At the time of any distribution from a trust it will have to be ascertained whether all creditors who have forgiven debt to the trustees could have had "natural love and affection" for the beneficiary who receives the distribution. Depending upon the Inland Revenue Department’s interpretation of the class of persons for whom one can have natural love and affection (a task for which the IRD is not at first sight particularly well qualified and which they shied away from in last year’s draft ruling) there could be considerable difficulty at that time - especially if distributions are to be made to a wider class of family members, in-laws or nieces and nephews etc.

Retrospectivity
Regrettably, these rules seem to apply whether the debt forgiveness in question has taken place prior to or after the introduction of this legislation even though the introductory commentary to the bill as reported back from the Select Committee does suggest that these provisions are only meant to have effect from the commencement of the Act.

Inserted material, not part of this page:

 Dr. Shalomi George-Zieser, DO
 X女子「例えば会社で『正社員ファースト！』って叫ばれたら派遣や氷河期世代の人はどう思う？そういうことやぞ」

Unfortunately, the wording of the bill itself does not seem to bear out this intention.

A common problem will arise when it is intended to re-settle a trust on to a new trust in which case there would appear to be taxable income for the original trust equal to the amount of the distribution (up to the maximum amount of debts forgiven to the original trust), if such a transaction is treated as a "distribution".

What does this mean in practice?
The main points above highlight the problem of continuing with a traditional gifting programme involving forgiveness of debt. However, it suggests that in the interim no further gifts by way of forgiveness of debt should be undertaken if there is any question at all that a future distribution (whether of capital or of income) might be made by the trust to a person for whom any creditor (usually an original settlor of the trust) might not be considered to have "natural love and affection". Examples would be distributions to:

(a) any new family trust, whether by way of resettlement or otherwise
(b) a company
(c) distant relatives or in-laws
(d) community organisations which are not charities such as sports clubs
(e) business associates.

Rather than use the forgiveness of debt method of gifting, there are other gifting techniques (with straight cash payments being the simplest, assuming there is sufficient cash available to substantiate the gift) which may reduce the impact of the legislative change. Indeed, the simple form of forgiveness of debt which has been a feature of estate planning for many years may go the same way as the dodo and first past the post politics.

The Taxation (Accruals Rules and Other Remedial Matters) bill was passed into law on May 18.

People with trusts should now be looking at how they will deal with these new rules.

Graham Tubb and David Ireland are partners with law firm Kensington Swan in Wellington.